E «con quella faccia un po’ così», l’avvocato di Asti maniaco del jazz, ieri alle Ville Ponti di Varese ha ritirato il Premio «Le parole della musica» assegnatogli dagli Amici di Piero Chiara. Un evento nato dal connubio tra Club Tenco e il Chiara che da due anni porta a Varese firme della canzone d’autore. Sul palcoscenico Enrico de Angelis, insieme ad Antonio Silva e il nostro responsabile di edizione, Vittorio Colombo. In una chiacchierata scherzosa tra amici, per cianciare dei tempi che furono, come quando lo s’invitava al Tenco perché tutti erano scelleratamente innamorati della moglie di Paolo Conte: la bella signora Egle. «Bisognerebbe inventare un Premio anche per lei». E chissà che al Tenco non si stiano già adoperando.
Paolo Conte non ama che s’indaghi sulla sua arte. Ha sempre preferito che la sua musica, e persino i silenzi che sono anch’essi un valore musicale, parlassero per lui. Ma è stato emozionante: per una volta sono state le sue parole a svelarci qualche segreto in più della sua musica. «Non si faceva prima a darmi questo premio e via?», commenta scherzosamente quando a suo avviso le domande diventano «difficili». No che non si poteva.
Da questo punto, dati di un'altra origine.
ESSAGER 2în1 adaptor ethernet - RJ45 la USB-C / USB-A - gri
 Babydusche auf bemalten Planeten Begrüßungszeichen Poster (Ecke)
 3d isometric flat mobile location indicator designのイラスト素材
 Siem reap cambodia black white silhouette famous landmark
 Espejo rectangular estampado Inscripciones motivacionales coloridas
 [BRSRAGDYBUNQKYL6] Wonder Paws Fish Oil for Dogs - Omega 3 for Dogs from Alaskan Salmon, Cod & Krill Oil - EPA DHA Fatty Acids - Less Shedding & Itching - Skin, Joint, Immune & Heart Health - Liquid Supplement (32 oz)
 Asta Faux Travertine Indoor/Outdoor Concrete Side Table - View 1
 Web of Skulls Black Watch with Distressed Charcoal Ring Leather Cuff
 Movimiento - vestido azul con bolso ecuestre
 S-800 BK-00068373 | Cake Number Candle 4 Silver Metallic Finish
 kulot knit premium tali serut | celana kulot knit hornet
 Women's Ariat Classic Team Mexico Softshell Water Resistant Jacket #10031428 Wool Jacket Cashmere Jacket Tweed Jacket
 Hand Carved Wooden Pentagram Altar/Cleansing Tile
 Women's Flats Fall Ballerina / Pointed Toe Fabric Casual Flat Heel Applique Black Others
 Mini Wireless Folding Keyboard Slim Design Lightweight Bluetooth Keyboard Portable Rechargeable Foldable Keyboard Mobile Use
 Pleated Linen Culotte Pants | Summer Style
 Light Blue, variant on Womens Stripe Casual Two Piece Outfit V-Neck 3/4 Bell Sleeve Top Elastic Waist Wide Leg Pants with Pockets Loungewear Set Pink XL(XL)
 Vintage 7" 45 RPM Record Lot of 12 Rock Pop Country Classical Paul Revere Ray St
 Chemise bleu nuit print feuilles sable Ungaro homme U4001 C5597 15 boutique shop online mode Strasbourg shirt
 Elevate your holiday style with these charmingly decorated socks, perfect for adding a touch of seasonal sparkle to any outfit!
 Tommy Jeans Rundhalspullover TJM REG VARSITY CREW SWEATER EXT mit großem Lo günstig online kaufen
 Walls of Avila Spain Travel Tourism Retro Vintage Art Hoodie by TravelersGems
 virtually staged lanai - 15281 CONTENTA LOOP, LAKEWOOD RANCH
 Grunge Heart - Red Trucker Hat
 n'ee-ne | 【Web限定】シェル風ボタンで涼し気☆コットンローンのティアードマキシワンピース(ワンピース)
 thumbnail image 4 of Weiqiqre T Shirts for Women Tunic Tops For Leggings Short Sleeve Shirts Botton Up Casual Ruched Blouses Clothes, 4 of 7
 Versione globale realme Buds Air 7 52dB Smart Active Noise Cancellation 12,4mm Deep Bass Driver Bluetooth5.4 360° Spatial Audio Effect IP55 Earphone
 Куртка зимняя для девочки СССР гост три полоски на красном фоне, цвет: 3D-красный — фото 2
Ci saremmo persi lo spettacolo dei suoi racconti. Di quando cominciò a suonare il trombone, ma poi «ho preferito il pianoforte perché col trombone non si fa tanta strada». Di quando parla del jazz, sua grande passione, dopo la signora Egle s’intende. Di quanto sia arduo parlare dell’attualità pura e semplice: «Non son capace. Il materiale che m’interessava era quello degli anni Dieci, Venti, un periodo fatto
di rivoluzioni, in cui davvero s’inventava tutto dal nulla». E qui arriva la sorpresa: un disco che suona su un grammofono di quegli anni azionato dal nostro Mario Chiodetti insieme ad Eleonora Fleur in costume d’epoca. Sorride Conte, non se l’aspettava. Come non si aspettava che partisse un filmato del club Tenco di tanti anni fa, di lui seduto al piano insieme a Fossati, De Gregori e un improbabile Benigni alle prese con una danza strana e due maracas, anzi no una sola, l’altra era finita sulla testa di qualche spettatore. E forse non si aspettava si parlasse di uno dei tanti temi delle sue canzoni: il maschio perdente. Nessuna autobiografia. Perché Conte è un vincente, è un pezzo di storia, uno che i francesi ci invidiano (scusate se è poco). Anche se – come dichiara – «avrei potuto osare di più».